È noto che molti settori dell’economia sono controllati dai Pasdaran, le Guardie della Rivoluzione. Qual è il loro ruolo nel nuovo contesto?
Se i Pasdaran agiscono con furbizia, riusciranno ad espandere la fetta di popolazione che beneficia del nuovo corso senza cedere il potere. Bisogna vedere se riusciranno, però, a liberalizzare l’economia senza concedere grandi riforme democratiche. Resta il dubbio: saranno ingordi e terranno tutto per sé, o saranno più lungimiranti? L’Iran da questo punto di vista è molto imprevedibile. Bisogna dire che finora gli iraniani sono stati poco propensi a protestare in massa. Ma dipende da quanta pressione sociale si accumula.
Anche gli avversari di Rouhani però hanno dei problemi.
Tra le figure più in vista c’è un personaggio come Qalibaf, l’attuale sindaco di Teheran che è popolare anche fra i non conservatori. Sarebbe forse un candidato forte, ma 3 anni fa perse proprio contro Rouhani. Ultimamente poi è stato toccato da uno scandalo immobiliare. Ma non credo che sia fuori dai giochi per questo.
Su Ahmadinejad invece Khamenei ha posto una sorta di veto.
Ahmadinejad è stato sconfessato dalla Guida suprema: è chiaro che è un’indicazione molto pesante e potrebbe chiudere le sue possibilità. Khamenei potrebbe essere convinto che Ahmadinejad spaccherebbe il paese, poiché la sua presidenza è stata disastrosa per l’economia e i rapporti internazionali. Lo scopriremo però solo quando le liste dei candidati saranno esaminate e validate, poco prima del voto.

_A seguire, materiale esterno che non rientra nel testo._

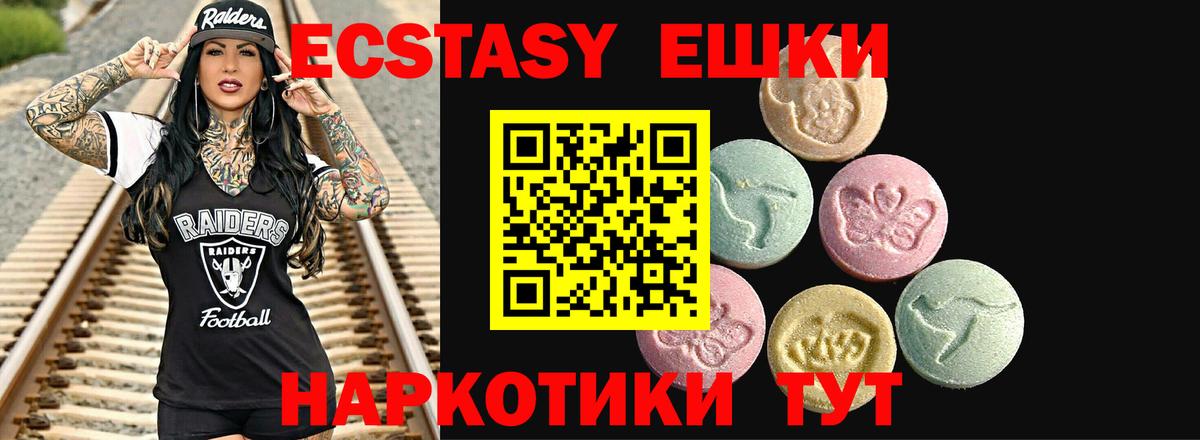 Ecstasy  Сибай  Экстази 250 мг  Ecstasy MDMA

Con l’elezione di Donald Trump l’accordo sul nucleare è a rischio?
Una parte dei politici più oltranzisti è contenta di Trump. Il ritorno dell’Iran sulla scena internazionale è visto come frutto di un patto scellerato e avere sempre un nemico chiaro e definito fa comodo. Ma sono convinta che in realtà l’accordo vada bene a tutti quanti. Bisogna comunque vedere cosa faranno gli Usa, se prevarrà il buonsenso. Ad ogni modo anche Hillary Clinton non era stata molto chiara nella sua politica sull’Iran. Per il paese non credo cambi molto chi ha vinto le elezioni americane.